Just less than a week ago, the Tampa Bay Rays and Boston Red Sox had one of the most heated series we’ve seen between the teams. Games 1 and 2 were both won by Rays walk-offs. Game 3 was a more comfortable win for the Rays, 8-5, but a brawl between the teams made it just as intense as the other two games. Now the clubs will begin another series tonight, this one in Boston. To gain some perspective on some recently developed Red Sox storylines, I talked to Sean Sylver of Bosoinjection.com
Drew Jenkins: Clay Buchholz has struggled mightily this year, and then just recently he went on the DL with a knee injury. How big of a hit have his struggles been to the Red Sox?
Sean Sylver: Buchholz’s struggles have been huge. The Red Sox lack a true ace, though Jon Lester and John Lackey would be desirable front-of-the-rotation arms for any team. This means they need contributions up and down the staff. Buchholz clearly has the highest ceiling of the starters, as exhibited by his other-worldly 2013 (12-1, 1.74). For him to struggle yet again has been frustrating given the way his career has gone; failing to show up in 2014 has cost them a bunch of wins.

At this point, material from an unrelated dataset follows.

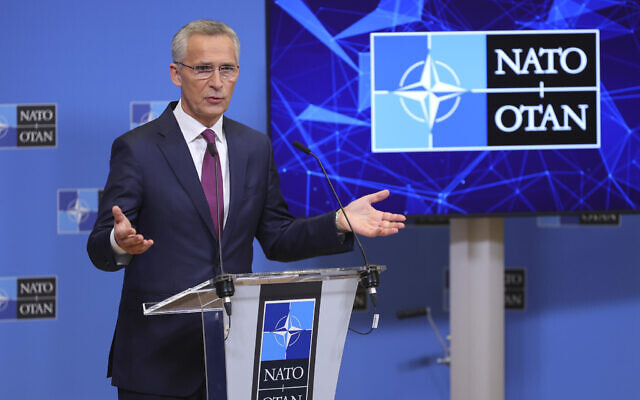 NATO Secretary General Jens Stoltenberg speaks during a media conference after a meeting of NATO defense ministers at NATO headquarters in Brussels, Thursday, Oct. 13, 2022.  (AP Photo/Olivier Matthys)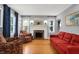 Cozy living room featuring a fireplace, hardwood floors, and abundant natural light at 233 W Westfield Blvd, Indianapolis, IN 46208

DJ: The Red Sox have received little production out of their centerfielders this year. Do you think that a combination of Jackie Bradley Jr. and Grady Sizemore is still the answer there, or do you think that the Sox need to go out of the organization to find help?
SS: We were all rooting for the Sizemore comeback story out of the gate and recognize Bradley’s long-term importance to the team. That said, the outfield has come up short in ’14. There are too many “ifs” out there, from Shane Victorino‘s health, to the Sizemore wild card, the growing pains of Bradley and the disappearance of Daniel Nava. That said, out-bidding the Yankees for Jacoby Ellsbury‘s services probably wasn’t the most sound fiscal approach, either. As the Sox have cobbled together a few wins, some of these guys are contributing and it might be a sign of positive things to come. I think Bradley stays around in center, but the Sox might have to look outside the organization and cut ties with Sizemore and/or some of the feel-good members of the ’13 outfield if they don’t get their act together.
DJ: We have heard rumors about some players disliking the way that A.J. Pierzynski carries himself during games and in the clubhouse. Do you think that this could turn into a serious issue, maybe to the point that the Red Sox consider trading Pierzynski?
SS: I think the rumors fit a convenient narrative for baseball pundits. Some people miss Jarrod Saltalamacchia and yes, he and AJP are slightly different players. Jon Lester also prefers David Ross behind the plate; it’s not unusual that a pitcher clicks with a particular catcher on the staff. But Pierzynski has been decent. He’s throwing out runners, hitting about in line with his career numbers, and keeping the seat warm for the next generation of Sox catchers – Christian Vasquez and Blake Swihart. I don’t think he’s dragging down the clubhouse — losing has been dragging down the clubhouse. It’s a lot more fun in there when you’re winning.
DJ: Overall the Red Sox have struggled this year, but the talent is still there and they certainly haven’t been helped by injuries. What has to change to get some of these guys going for the rest of the season?
SS: I think 2013 was the confluence of a number of factors — health and luck principal among them — that allowed the team to take home the title. If they can get Shane Victorino back in the lineup (and hitting), integrate Stephen Drew, close those lineup holes and find four consistent starters, this will help them avoid losing streaks like the recent crushing 10-game slide. They’ve also had pretty rotten luck in 2014; a couple of balls bouncing in their favor could help take the edge off and get this team rolling back in the right direction.
Thanks to Sean for taking the time to answer my questions! Good luck to the Red Sox in this series, but let’s hope the Rays can bring home a couple of wins.